Ricordo una frase letta qualche giorno fa su “Creatura di Sabbia” un romanzo dello scrittore marocchino Tahar Ben Jellou. Diceva più o meno così: “Donne, voi non siete sottomesse all’uomo perché così è scritto nel Corano o perché così ha deciso il profeta, ma perché voi avete sempre accettato questa situazione. Quindi ora abbassate il capo e continuate a subire in silenzio”.

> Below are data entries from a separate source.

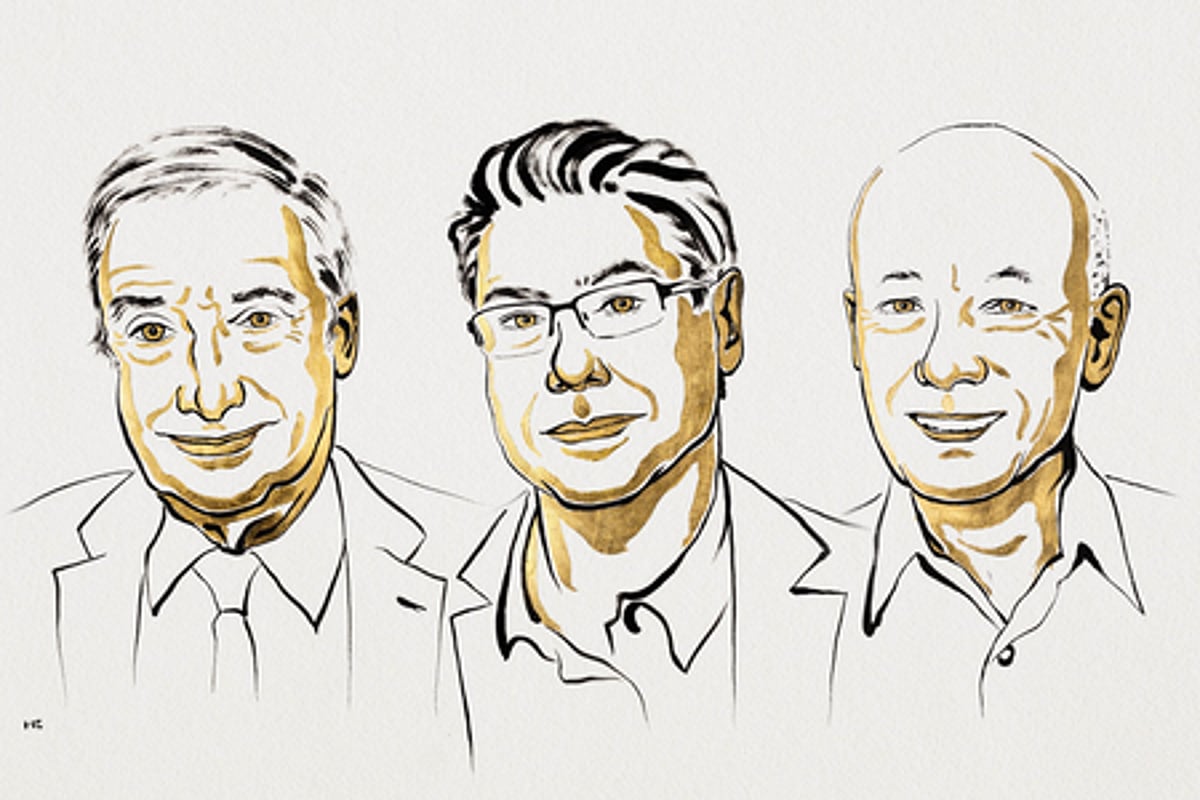 Nobel Prize in Economics Awarded for Innovation Insights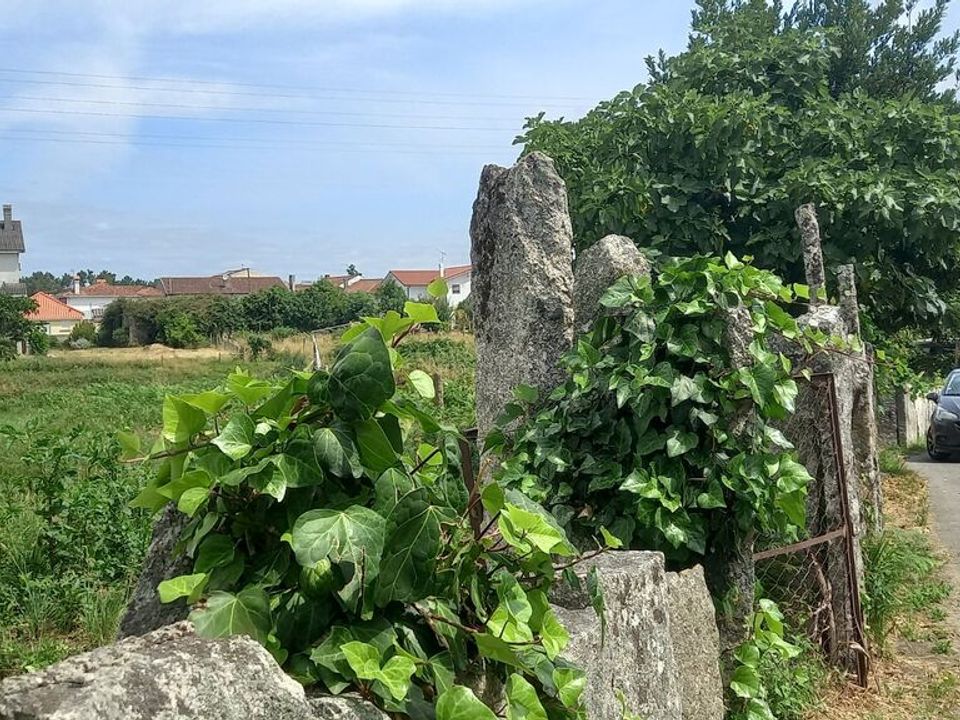 Helårsgrund i Moncao, Viana do Castelo - foto 2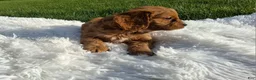 Cavapoo dogs for sale: Ollie - Ad 4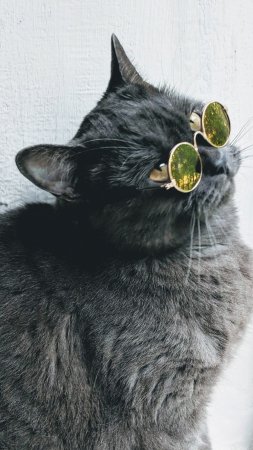 Кошка в очках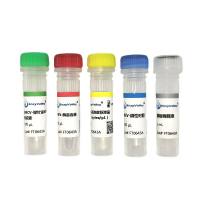 脑心肌炎病毒探针法 RT-PCR 试剂盒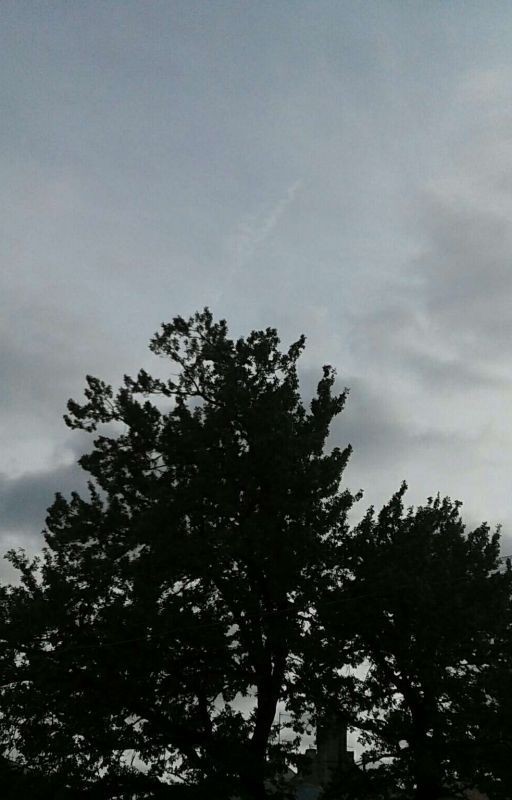 Победа + 9 жизней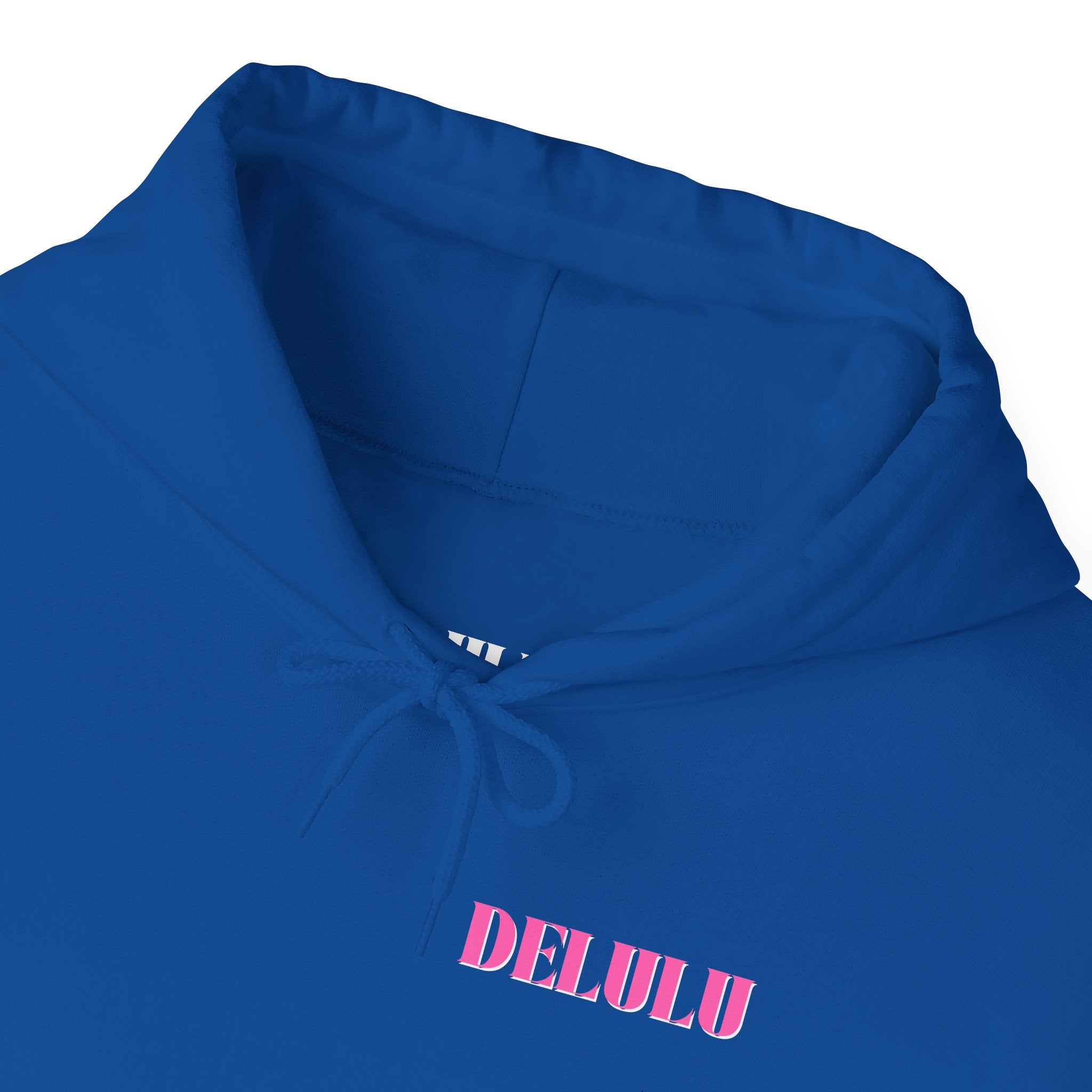 05 STATEMENT HOODIE DELULU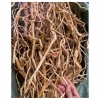 Rễ rừng tách vỏ 100g - Trang trí layout thủy sinh, phụ kiện tự nhiên, giảm giá 45.000đ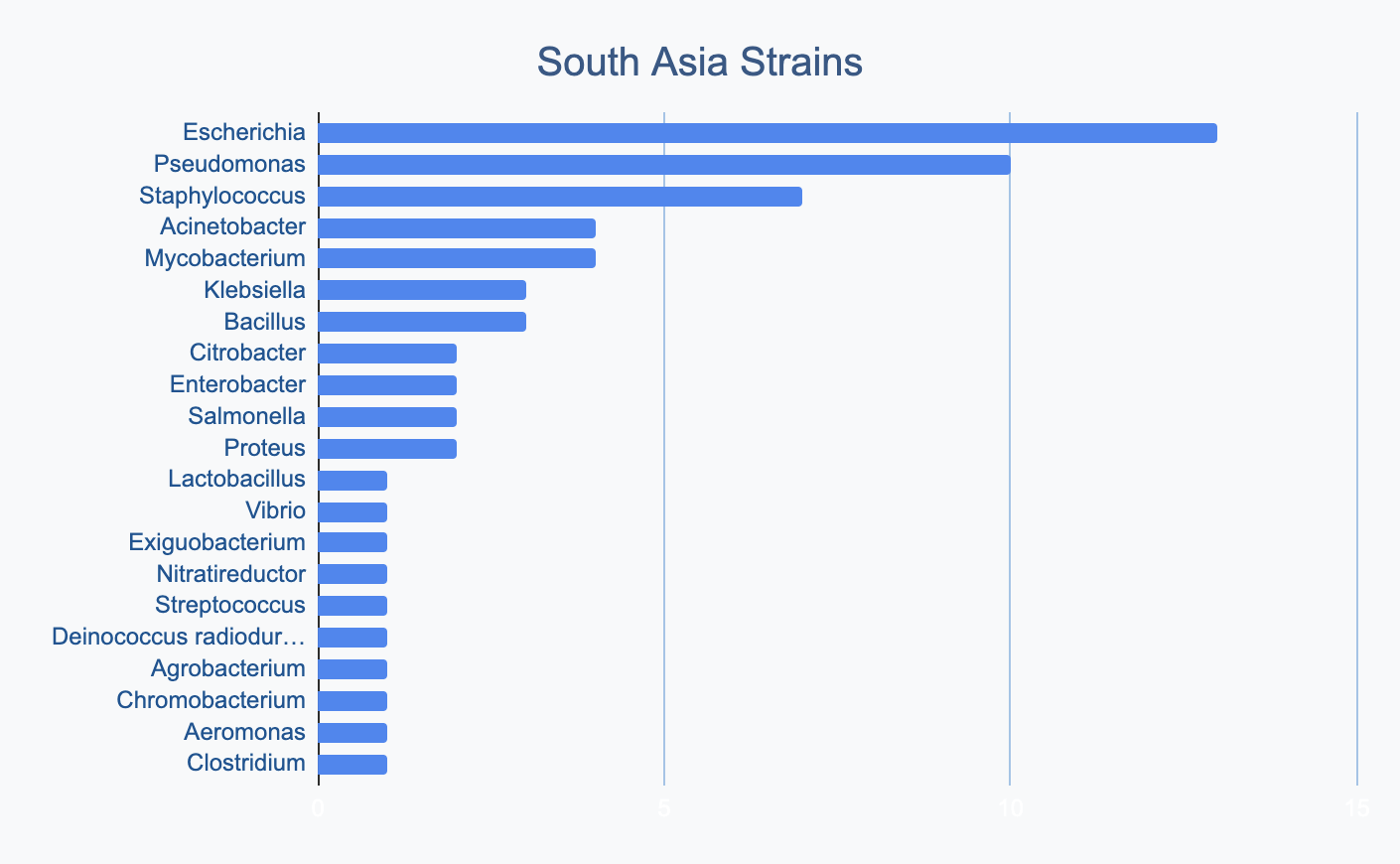 South Asia Strains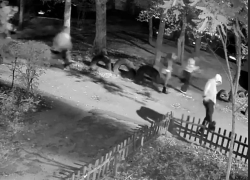 «Смотрите, что творят ваши "детки"»: подростки разгромили воронежский двор и попали на видео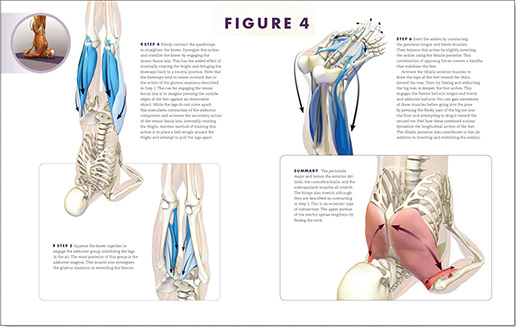 FIGURE 4 Each pose comes with a series of steps for engaging the muscles that - photo 6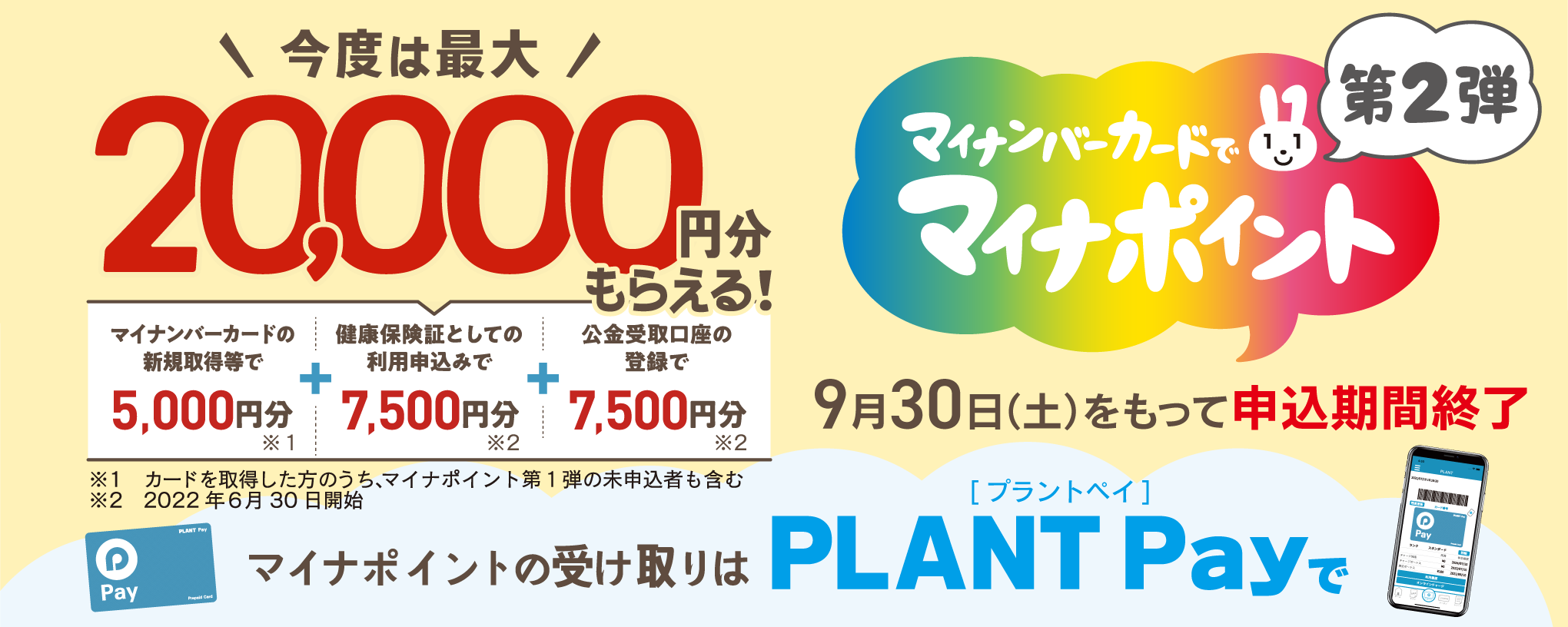 マイナポイント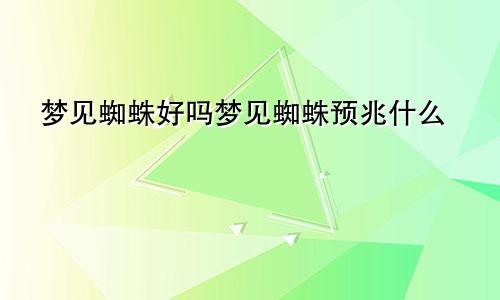 梦见蜘蛛好吗梦见蜘蛛预兆什么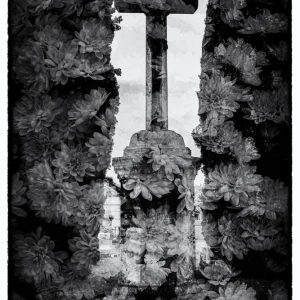 photographie contemporaine végétale en double exposition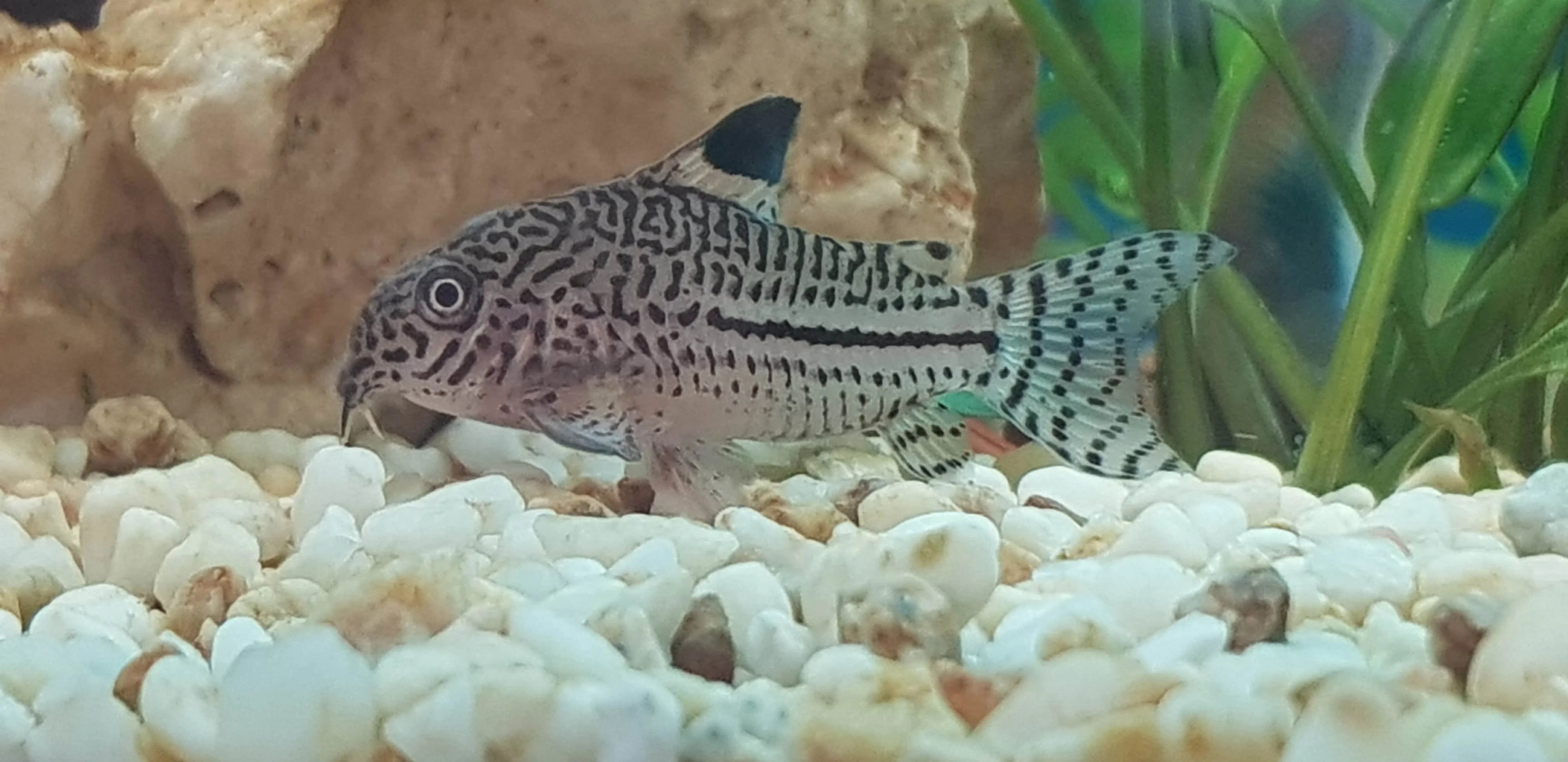 Corydora Julli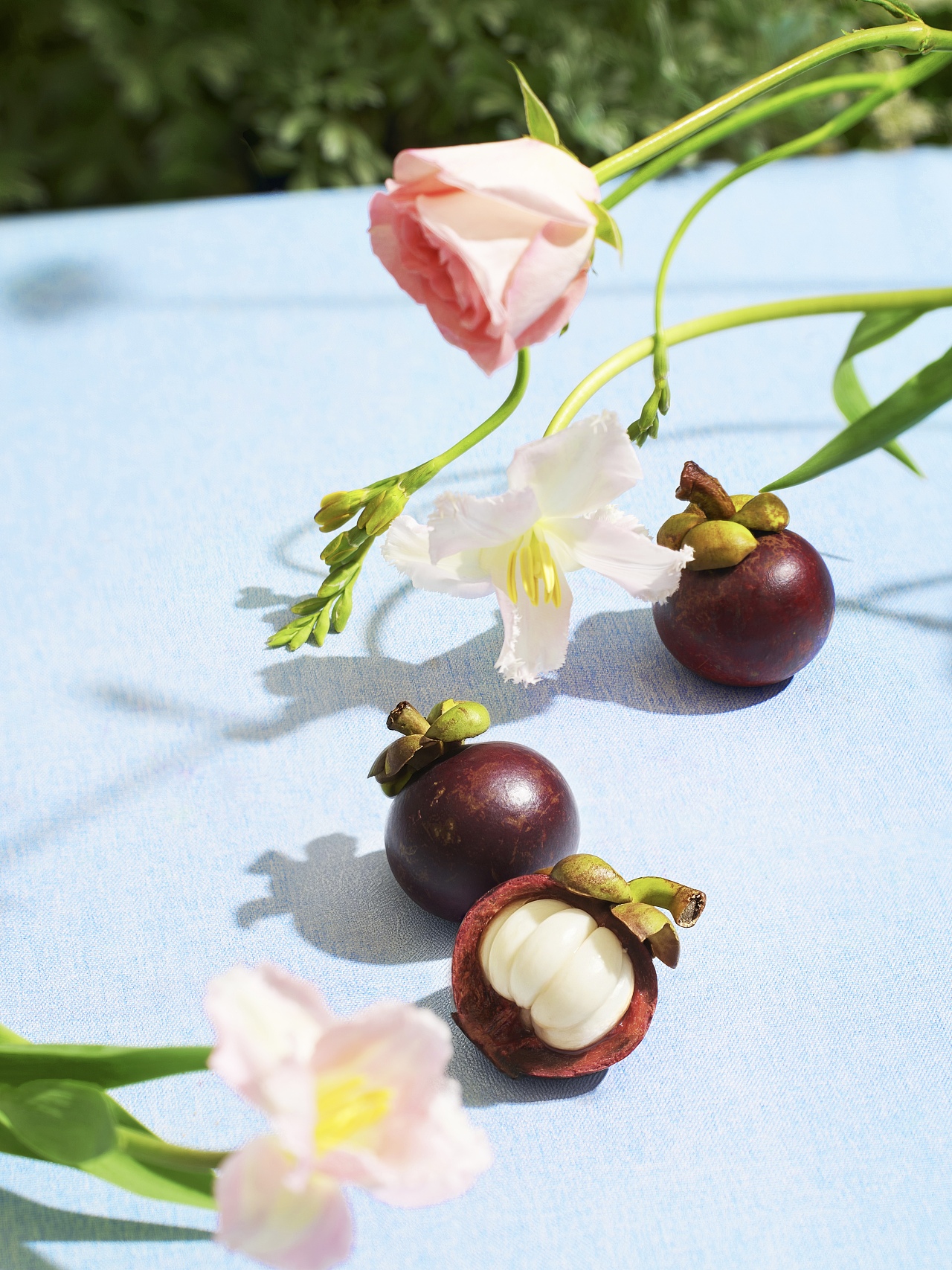 gaga鲜语×春生生画｜花馔、鲜花和春天（图ZMzkzNDE1NDI0） - 时尚/艺术摄影 - 站酷设计师春生生画原创素材 - 站酷ZCOOL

A Marrakech il sole batte forte, nel pomeriggio bisogna ritirasi all’ombra del riad. Riusciamo la sera per andare a vedere che si dice nella piazza di Djemaa el Fna, la piazza attorno al quale ruota tutta Marrakech, animata da incantatori di serpente, ammaestratori di scimmie, cantastorie, ciarlatani, tatuatrici di henne, bancarelle che arrostiscono animali interi. Ognuno nella piazza è libero di inventarsi la sua professione, il suo modo di guadagnare qualcosa: cavadenti, venditori di pozioni magiche, spremitori di arance, chiaroveggenti. Vaghiamo tra la confusione e parte il gioco del “tu cosa venderesti qua in mezzo”?

Saliamo in un caffè con vista sulla piazza e conquistato il nostro posto vicino alla ringhiera ci incantiamo a guardare i flussi disordinati della Piazza. La gente si muove seguendo traiettorie impercettibili, nell’aria si comincia a levare il fumo della carne alla griglia, le lampade cominciano ad accendersi mentre il sole cala dietro il minareto. Sorseggiano la mia Schwepps e penso che qui ogni sera è così. Ogni sera che io tornerò dal lavoro col mio piccolo carico di gioia o malinconia, nella piazza ci saranno i cantastorie che continueranno a cantare le stesse favole, gli incantatori soffieranno fiato nei flauti e per chiunque si ritrovi qua, questo luogo sembrerà sempre il centro del mondo.